Xylanase enzymen toegepast in graanverwerkende industrie: in welke mate geremd door inhibitoren?

Graangewassen bevatten verschillende types xylanase-inhibitoren. In haar doctoraatswerk ontrafelde Ellen Fierens (K.U.Leuven) hun inhibitiemechanisme en keek hierbij naar de gevoeligheid van verschillende xylanase enzymen voor deze inhibitoren.

Xylanasen: enzymen die (hetero)xylan hydrolyseren

Het op één na meest voorkomende polysacharide op aarde, namelijk (hetero)xylan, vormt één van de belangrijkste bestanddelen van de plantencelwand en wordt in grote mate afgebroken door xylanasen. Deze enzymen worden aangemaakt door planten, maar de best bestudeerde xylanasen zijn afkomstig van bacteriën en schimmels, waar ze vermoedelijk een rol spelen bij de infectie van planten en bij de afbraak van dood organisch materiaal.
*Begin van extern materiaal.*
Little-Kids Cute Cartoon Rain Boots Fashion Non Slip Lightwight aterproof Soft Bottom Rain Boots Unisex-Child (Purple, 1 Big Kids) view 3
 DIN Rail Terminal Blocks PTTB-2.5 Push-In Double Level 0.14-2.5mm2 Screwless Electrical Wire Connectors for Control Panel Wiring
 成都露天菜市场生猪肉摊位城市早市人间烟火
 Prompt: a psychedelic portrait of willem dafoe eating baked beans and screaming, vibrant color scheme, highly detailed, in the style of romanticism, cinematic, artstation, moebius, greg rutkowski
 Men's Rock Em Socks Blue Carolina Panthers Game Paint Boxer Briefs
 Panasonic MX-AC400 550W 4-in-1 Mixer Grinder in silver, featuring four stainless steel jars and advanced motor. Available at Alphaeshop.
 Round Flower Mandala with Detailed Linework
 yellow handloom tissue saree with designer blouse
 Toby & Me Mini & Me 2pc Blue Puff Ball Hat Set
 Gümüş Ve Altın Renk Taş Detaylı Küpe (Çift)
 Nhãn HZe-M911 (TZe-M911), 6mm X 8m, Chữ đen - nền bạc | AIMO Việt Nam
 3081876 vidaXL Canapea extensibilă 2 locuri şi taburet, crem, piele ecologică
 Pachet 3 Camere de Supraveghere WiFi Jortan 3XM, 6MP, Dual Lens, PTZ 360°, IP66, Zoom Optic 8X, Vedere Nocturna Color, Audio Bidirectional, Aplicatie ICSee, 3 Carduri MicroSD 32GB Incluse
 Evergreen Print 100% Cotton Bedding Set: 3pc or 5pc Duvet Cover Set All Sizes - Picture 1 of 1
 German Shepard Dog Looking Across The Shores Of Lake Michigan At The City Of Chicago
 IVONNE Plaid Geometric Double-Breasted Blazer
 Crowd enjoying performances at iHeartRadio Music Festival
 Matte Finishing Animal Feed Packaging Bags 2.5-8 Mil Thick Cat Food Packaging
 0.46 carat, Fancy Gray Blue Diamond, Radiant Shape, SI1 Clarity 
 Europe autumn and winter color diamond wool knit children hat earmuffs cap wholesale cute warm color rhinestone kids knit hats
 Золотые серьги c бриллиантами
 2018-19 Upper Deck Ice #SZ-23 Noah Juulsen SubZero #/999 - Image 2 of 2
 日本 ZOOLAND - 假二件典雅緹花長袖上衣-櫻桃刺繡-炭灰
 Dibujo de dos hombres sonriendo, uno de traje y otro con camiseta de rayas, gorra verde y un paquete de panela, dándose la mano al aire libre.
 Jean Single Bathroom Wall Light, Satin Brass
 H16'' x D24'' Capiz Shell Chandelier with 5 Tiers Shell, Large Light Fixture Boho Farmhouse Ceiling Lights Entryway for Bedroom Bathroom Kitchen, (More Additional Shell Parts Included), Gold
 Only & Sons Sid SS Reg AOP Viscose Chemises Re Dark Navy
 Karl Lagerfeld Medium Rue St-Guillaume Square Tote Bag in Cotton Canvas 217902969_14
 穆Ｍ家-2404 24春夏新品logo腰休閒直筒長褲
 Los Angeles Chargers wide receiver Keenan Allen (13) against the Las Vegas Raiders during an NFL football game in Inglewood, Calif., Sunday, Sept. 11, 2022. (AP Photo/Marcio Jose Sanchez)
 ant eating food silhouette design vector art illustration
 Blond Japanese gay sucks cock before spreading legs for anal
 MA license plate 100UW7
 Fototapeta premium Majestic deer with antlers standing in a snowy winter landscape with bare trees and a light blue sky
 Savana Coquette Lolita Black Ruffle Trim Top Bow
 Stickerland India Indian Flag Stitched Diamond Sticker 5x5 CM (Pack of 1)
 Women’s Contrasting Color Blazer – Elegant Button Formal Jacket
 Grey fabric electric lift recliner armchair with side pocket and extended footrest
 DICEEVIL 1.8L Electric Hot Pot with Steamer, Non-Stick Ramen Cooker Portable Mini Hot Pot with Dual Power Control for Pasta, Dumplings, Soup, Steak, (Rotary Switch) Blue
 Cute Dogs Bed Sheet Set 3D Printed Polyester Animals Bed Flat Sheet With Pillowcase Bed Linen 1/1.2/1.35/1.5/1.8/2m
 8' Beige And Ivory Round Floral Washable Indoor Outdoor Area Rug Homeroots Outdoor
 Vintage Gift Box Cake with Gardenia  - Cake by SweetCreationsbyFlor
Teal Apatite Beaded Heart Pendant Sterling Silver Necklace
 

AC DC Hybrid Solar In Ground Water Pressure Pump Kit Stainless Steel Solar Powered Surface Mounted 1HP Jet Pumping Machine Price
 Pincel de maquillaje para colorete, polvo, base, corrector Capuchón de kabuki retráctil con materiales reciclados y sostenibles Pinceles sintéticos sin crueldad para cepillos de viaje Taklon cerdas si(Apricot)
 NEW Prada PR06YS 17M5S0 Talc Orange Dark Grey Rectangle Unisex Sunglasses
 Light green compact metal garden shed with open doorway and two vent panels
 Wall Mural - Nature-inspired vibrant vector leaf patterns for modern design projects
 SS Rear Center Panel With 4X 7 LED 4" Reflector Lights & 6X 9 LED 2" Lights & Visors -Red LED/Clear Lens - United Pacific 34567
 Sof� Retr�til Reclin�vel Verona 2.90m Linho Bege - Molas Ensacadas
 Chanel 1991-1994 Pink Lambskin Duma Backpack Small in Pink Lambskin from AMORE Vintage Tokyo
Ze behoren immers tot het arsenaal van enzymen dat micro-organismen aanwenden om de plantencelwand af te breken en zo de plant binnen te dringen. Naast hun rol bij plantinfectie, genieten xylanasen ook bijzondere aandacht vanuit degraanverwerkende industrie. Doordat ze in staat zijn het heteroxylan in graan, met name arabinoxylan (AX), af te breken en hierdoor de eigenschappen van het graan te wijzigen, worden xylanasen dikwijls gebruikt als proces- en productverbeteraar in een brede waaier van uiteenlopende processen.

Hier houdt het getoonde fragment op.